Seven years after the party was declared extremist by Tajikistan, the Islamic Renaissance Party of Tajikistan (IRPT) has reportedly been named a “terrorist” group by the Supreme Court of Russia, too. This is sure to please Tajik President Emomali Rahmon when he meets with Russian President Vladimir Putin at the Shanghai Cooperation Organization (SCO) summit in Samarkand, Uzbekistan, later this week.
The IRPT, until its banning in 2015, was Tajikistan’s largest opposition party and the only legal Islamist political party registered in Central Asia. With roots in the United Tajik Opposition (UTO), the IRPT was first banned in 1993 by the Tajik government, newly headed by Rahmon. After the civil war, which ran from 1992 to 1997 and ended with a peace agreement promising opposition representation in government, the IRPT was legalized. In 2005, the party secured two seats in the Tajik parliament, out of 63.
It’s worth noting that the party did not push anything resembling an extremist platform. It even backed a secular, female candidate for president in the 2013 election. The effort to pool opposition votes was ultimately unsuccessful, given that Oynihol Bobonazarova, the candidate and a prominent human rights lawyer, was prevented from running.
A decade after first entering parliament, the IRPT lost its seats after a concerted pressure campaign (including leaked sex tapes and arrests on dubious charges). That was just the beginning of the IRPT’s woes. IRPT leader Muhiddin Kabiri, already in exile in June 2015, warned that Dushanbe was gearing up to destroy the party. And it did. By the end of 2015, what remained of the party’s leadership in Tajikistan had been arrested (eventually their lawyers were arrested, too). The party was branded a “terrorist” outfit after being blamed for an outbreak of violence in early September 2015. The details at the time were murky, and time has only deepened the uncertainty.
In the years since, the IRPT has been blamed by Tajik authorities for various crimes and instances of violence — always without presenting evidence.
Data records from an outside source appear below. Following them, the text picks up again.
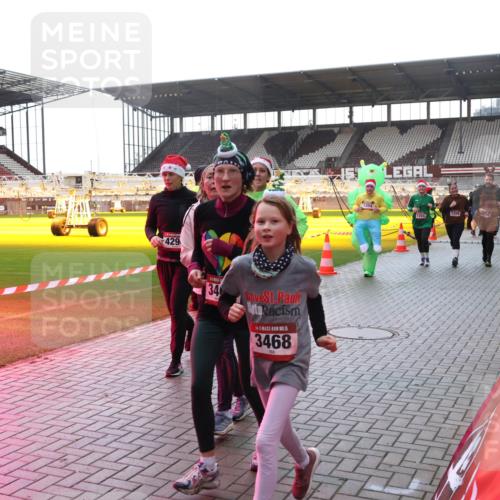 07.12.2025 - St. Pauli X-Mass-Run No. 15 Luisa Fischer http://msf.ph/oto/9378502 07.12.2025 10:30:07 Ziel 429, 34, 15, 3468, 1204, 1201, 1200, 10, 423, 426, 450, 458, 1039, 1090, 1091, 1198, 1201, 1204, 1209, 1373, 1548, 1550, 1669, 1677, 1842, 2001, 2878, 3080, 3115, 3468, 3469, 3470, 3494, 3497, 3516, 3517, 4007, 4009, 4126, 4264, 4266, 4293, 4296, 4440, 4472, 4476, 4531, 4533, 4534, 4546, 4695 meine-sportfotos.de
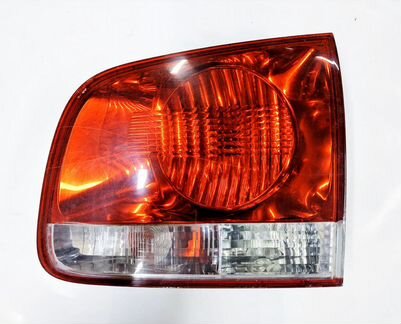 Фонарь задний внутренний, правый Tuareg 05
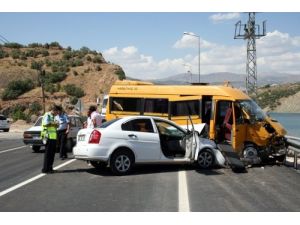 Semah Ekibini Taşıyan Minibüse Otomobil Çarptı: 2'si Ağır 16 Yaralı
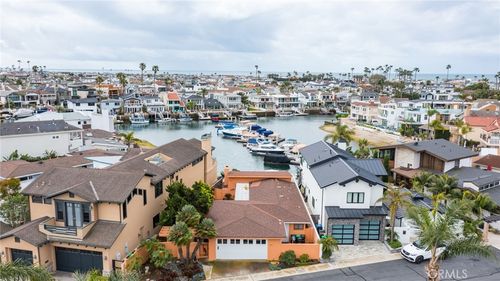 52 Balboa Cvs, Newport Beach, CA, 92663-3226 | Card Image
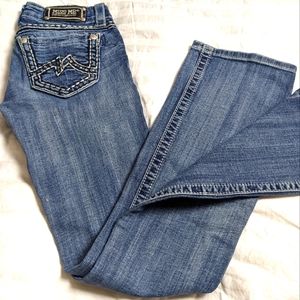 Miss me size 25, boot cut, simple rhinestone and stitching design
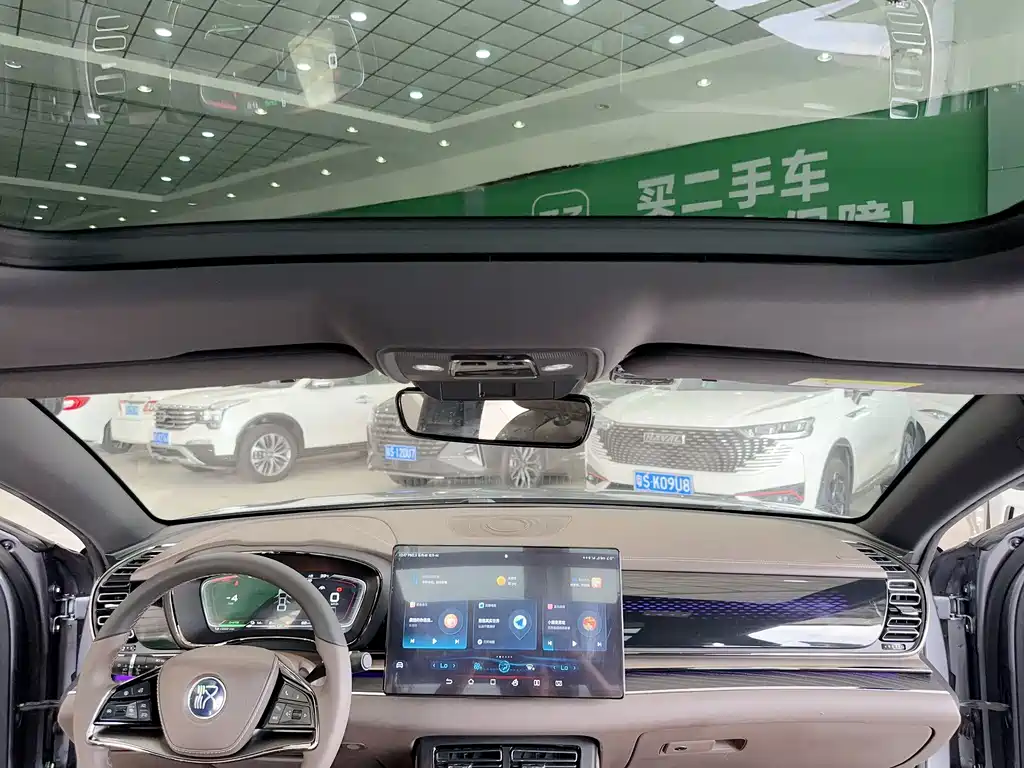 BYD Han — миниатюра 18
In 2018, when the Islamic State claimed responsibility for a car attack that killed four foreign cyclists in Tajikistan, Dushanbe reflexively blamed the IRPT. Again, no evidence was presented of a connection between the attack and the IRPT.
All the while, IRPT members continued to flee Tajikistan. Given the ease of travel from Tajikistan to Russia, and familiarity of the route given the huge number of annual Tajik labor migrants travelling north, many landed there first. But Russia has never been a safe place for Tajik political dissidents.
In 2016, a record number of Tajik asylum seekers knocked on the door of the European Union, many applying at the Polish border. Dushanbe sought the extradition of various IRPT members from states like Greece unsuccessfully in 2017 and found ways to forcibly return others from states like Turkey and Russia, presumably with the assistance or at least permission of local authorities. At the same time, Tajik authorities escalated pressure on the families of political dissidents remaining in Tajikistan.
The designation by Russia of the IRPT as an extremist organization may put Tajik citizens in Russia further at risk. The mere allegation of association with the IRPT could bring legal trouble and deportation.
A spokesman for the IRPT, which operates now out of Europe, told RFE/RL the designation was expected even though the group does not operate in Russia. “We are concerned that this decision will be abused by the authorities and many innocent people will be arrested and imprisoned as a result,” Bobojon Kayumov said.
Over the last year, a number of Pamiri activists and leaders — some even with Russian citizenship — have been forcibly returned to Tajikistan from Russia. The pattern is the same: a disappearance in Russia and a reappearance in Tajikistan, occasionally with a forced confession or statement of voluntary return before charges are announced. The Pamiris, an ethnic group native to Tajikistan’s vast Gorno-Badakhshan Autonomous Oblast (GBAO), also formed a part of the UTO in the civil war and have come under increasing pressure by the central government.
While the Pamiris and IRPT are distinct (one an ethnic group and the other a political organization), their members face increased risks in Russia. And Russia, with few friends to count after its invasion of Ukraine, has no qualms about deporting a couple of Tajiks at Dushanbe’s request.